Alf’s urge to distance himself from fatties on airliners has been triggered by a warning from scientists that obese travellers would ‘blast through’ airplane seat belts in a crash.
These boffins are American boffins, and they are banging on about safety standards failing to keep up with America’s growing waistline.
Alf is prepared to wager that what is true of American fatties is true of Kiwi waistlines, too.
The New York Times has reported (here) that more than six decades ago, when the federal standards on the strength of airplane seats and seat belts were written, government regulations specified that seats be designed for a passenger weight of 170 pounds.
But now the average American man weighs nearly 194 pounds and the average woman 165.
Some engineers and scientists accordingly are raising questions about whether airplane seats, tested with crash dummies that reflect the 170-pound rule, are strong enough to protect heavy travellers.
So what’s the danger, exactly?
“If a heavier person completely fills a seat, the seat is not likely to behave as intended during a crash,” said Robert Salzar, the principal scientist at the Center for Applied Biomechanics at the University of Virginia.
“The energy absorption that is built into the aircraft seat is likely to be overwhelmed and the occupants will not be protected optimally.”
Nor would the injury necessarily be confined to that passenger, Dr. Salzar said.
If seats collapse or belts fail, he said, those seated nearby could be endangered from “the unrestrained motion of the passenger.”
The New York Times, an august journal not prone to publishing pap like some newspapers in this country, talked with Yoshihiro Ozawa, an engineer.
He works for Jasti Ltd in Japan, a company which has been making crash dummies for 20 years.
And he raises similar concerns.
He said he worried that there was no data proving that “seats and seat belts are safe enough” for larger passengers.
“If we don’t test with heavier dummies, we won’t know if it is safe enough,” Mr. Ozawa said by telephone, through an interpreter. “There is no regulation that says they have to test for heavier.”
So what do the manufacturers say?
Executives with two American airline-seat manufacturers seem to have attended the John Banks School of Public Relations.
They declined to comment on the issue, other than to insist they are doing things within the law.
Dede Potter, a spokeswoman for one of those manufacturers, B/E Aerospace, said only, “We comply with all industry regulations.”
But hey. It seems that fatties are in trouble with their car seats too.
Dietrich Jehle, a professor of emergency medicine at the University at Buffalo who conducted a study of more than 300,000 serious automobile accidents, said that very overweight drivers faced an increased risk of death in a severe crash and that they were 67 percent less likely to be wearing seat belts, possibly for reasons of comfort.
Dr Jehle said obese air travelers may also be less likely to wear seat belts.
Unbelted passengers are at risk of injury and can be a mechanism for injury to others, Dr Jehle said.

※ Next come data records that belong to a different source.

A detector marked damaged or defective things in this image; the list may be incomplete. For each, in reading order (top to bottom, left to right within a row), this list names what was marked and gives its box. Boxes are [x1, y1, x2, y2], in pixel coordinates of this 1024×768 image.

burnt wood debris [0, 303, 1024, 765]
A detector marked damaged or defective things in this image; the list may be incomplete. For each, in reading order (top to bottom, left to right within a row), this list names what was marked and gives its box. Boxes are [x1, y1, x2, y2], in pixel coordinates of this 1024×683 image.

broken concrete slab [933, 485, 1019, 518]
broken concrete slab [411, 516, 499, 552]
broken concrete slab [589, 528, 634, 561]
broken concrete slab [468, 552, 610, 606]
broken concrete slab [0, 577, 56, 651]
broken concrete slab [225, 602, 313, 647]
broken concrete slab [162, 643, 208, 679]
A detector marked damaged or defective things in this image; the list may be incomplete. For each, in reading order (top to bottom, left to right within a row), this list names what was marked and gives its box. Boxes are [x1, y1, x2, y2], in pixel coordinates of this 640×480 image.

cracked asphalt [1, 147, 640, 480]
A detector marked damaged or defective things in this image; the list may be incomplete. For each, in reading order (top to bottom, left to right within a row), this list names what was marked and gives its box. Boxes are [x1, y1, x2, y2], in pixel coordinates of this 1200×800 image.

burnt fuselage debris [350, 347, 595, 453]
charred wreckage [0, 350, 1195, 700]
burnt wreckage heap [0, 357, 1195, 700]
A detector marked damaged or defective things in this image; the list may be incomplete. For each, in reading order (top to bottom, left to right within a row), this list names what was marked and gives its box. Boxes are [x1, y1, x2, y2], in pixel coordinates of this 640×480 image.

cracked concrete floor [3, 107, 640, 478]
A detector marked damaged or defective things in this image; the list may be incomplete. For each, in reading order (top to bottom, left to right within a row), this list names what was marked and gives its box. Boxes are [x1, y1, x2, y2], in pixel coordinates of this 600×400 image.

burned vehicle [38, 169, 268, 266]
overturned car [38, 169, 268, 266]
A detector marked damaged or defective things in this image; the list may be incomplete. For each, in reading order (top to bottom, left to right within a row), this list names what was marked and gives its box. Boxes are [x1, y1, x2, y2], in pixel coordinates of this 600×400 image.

“Force is mass times acceleration, and when someone is heavier and unbelted, there’s that much force that is being applied.”
He said both airlines and car companies needed to address the unique challenges of protecting overweight people. “Since a third of the population is obese, we need to be doing some of our crash testing with obese dummies,” he said.
Ozawa is brought back into the story at this juncture.
In airplane economy seats, he points out, the proximity to other passengers created a higher likelihood that the heavier passenger would become a hazard by colliding with those sitting nearby.
The back of the seats may not be strong enough and the spaces between seats wide enough to protect passengers from the impact of heavier passengers behind or beside them, he said.
Dunno if Air New Zealand would like to put this stuff to the test.
If they do, Alf suggests they hire Horomia to help give the weight they need to their research. If the coalition’s majority was not so – ahem – slender they could have Gerry. But right now we need him.